Yg kedua, bagaimana solusinya biar orang tua ana bisa “resmi”
menikahnya, sedang dari pihak bapak nggak mau, ya mungkin alasannya
“malu”, begitu.
Demikian, atas jawabannya ana ucapkan jazakallohu khoiron katsiron wa barokallohufiikum.
Jawab:
Waalaikumussalam warahmatullahi wabarakatuh.
Sebagaimana yang sudah diketahui bahwa menikah tanpa wali (bagi wanita)
adalah haram dan tidak sah sehingga dia dihukumi perzinahan. Karenanya
anak yang terlahir dari pernikahan seperti itu adalah anak zina, dan
nasabnya dikembalikan kepada ibunya, bukan kepada ayahnya. Ini
berdasarkan hadits Aisyah dan Abu Hurairah dari Rasulullah Shallallahu
‘alaihi wa sallam bahwa beliau bersabda:
الْوَلَدُ لِلْفِرَاشِ وَلِلْعَاهِرِ الْحَجَرُ
“Anak yang lahir untuk pemilik kasur (yakni: anak yang dilahirkan oleh
istri seseorang atau budak wanitanya adalah miliknya), dan seorang
pezina adalah batu (yakni: tidak punya hak pada anak hasil
perzinaannya).” (HR. Al-Bukhari dan Muslim)
Hanya saja jika ‘kawin lari’ ini dilakukan karena mereka meyakini
bolehnya atau meyakini sahnya ‘kawin lari’, maka pernikahan seperti ini
dikategorikan ke dalam nikah syubhat.

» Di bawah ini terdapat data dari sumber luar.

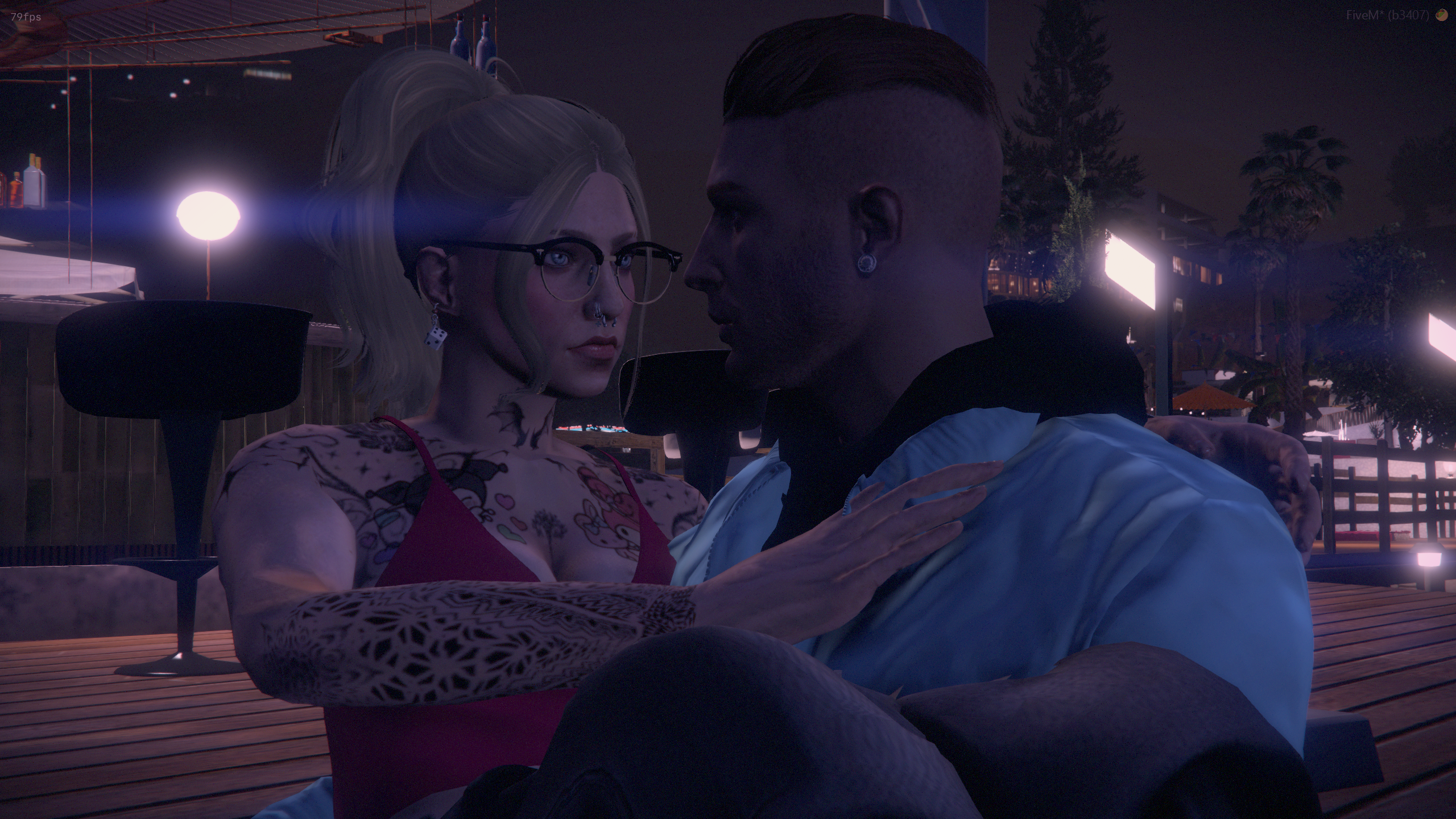 Foto 35 de Claire Evans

Dan hukum anak yang lahir dari
pernikahan syubhat seperti ini bukanlah anak ‘haram’ akan tetapi sah
sebagai anak dari ayah dan ibunya, karenanya dia bisa menisbatkan
namanya kepada ayahnya. Ini adalah pendapat Imam Ahmad, Asy-Syafi’i, dan
yang dikuatkan oleh Ibnu Taimiah dan Ibnu Al-Utsaimin -rahimahumullah-
dalam Asy-Syarh Al-Mumti’ (5/641).
Adapun setelah mengetahui bahwa hukum ‘kawin lari’ adalah tidak sah,
maka keduanya (ayah dan ibunya) wajib untuk berpisah lalu keduanya
menikah kembali dengan akad nikah yang benar dan sah, tanpa harus
melakukan istibra` ar-rahim (satu kali haid). Ini adalah fatwa dari
Asy-Syaikh Abdurrahman Al-Mar’i -hafizhahullah-.

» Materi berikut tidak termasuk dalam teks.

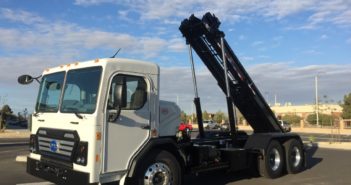 Camions électriques : BYD s’ajoute à Kenworth à titre de partenaire de Toyota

Kembali ke pertanyaan antum:
Apakah boleh bernisbat kepada ibu?
Jawab: Jika ‘kawin lari' orang tua antum termasuk dari nikah syubhat
maka tidak ada masalah antum bernisbat kepada ayah. Jika bukan termasuk
nikah syubhat, yakni keduanya sudah mengetahui tidak syahnya ‘kawin
lari’ maka antum tidak boleh bernisbat kepada ayah tapi hanya bernisbat
kepada ibu, berdasarkan hadits Abu Hurairah dan Aisyah di atas.
Adapun keengganan ayah untuk menikah kembali, ana kira bisa dimaklumi
karena dia mengira nikah ulang itu harus diadakan nikah dengan
mengundang banyak orang plus resepsi lagi. Tapi saya kira antum sudah
mengetahui bahwa yang menjadi rukun dan syarat sahnya nikah hanyalah
adanya kedua mempelai, adanya ijab qabul, keridhaan kedua mempelai, wali
bagi wanita, mahar, dan 2 orang saksi dari kalangan lelaki dewasa. Jadi
kapan rukun dan syarat nikah ini terpenuhi maka nikahnya sudah sah
walaupun tidak ada resepsi dan tidak mengundang orang lain.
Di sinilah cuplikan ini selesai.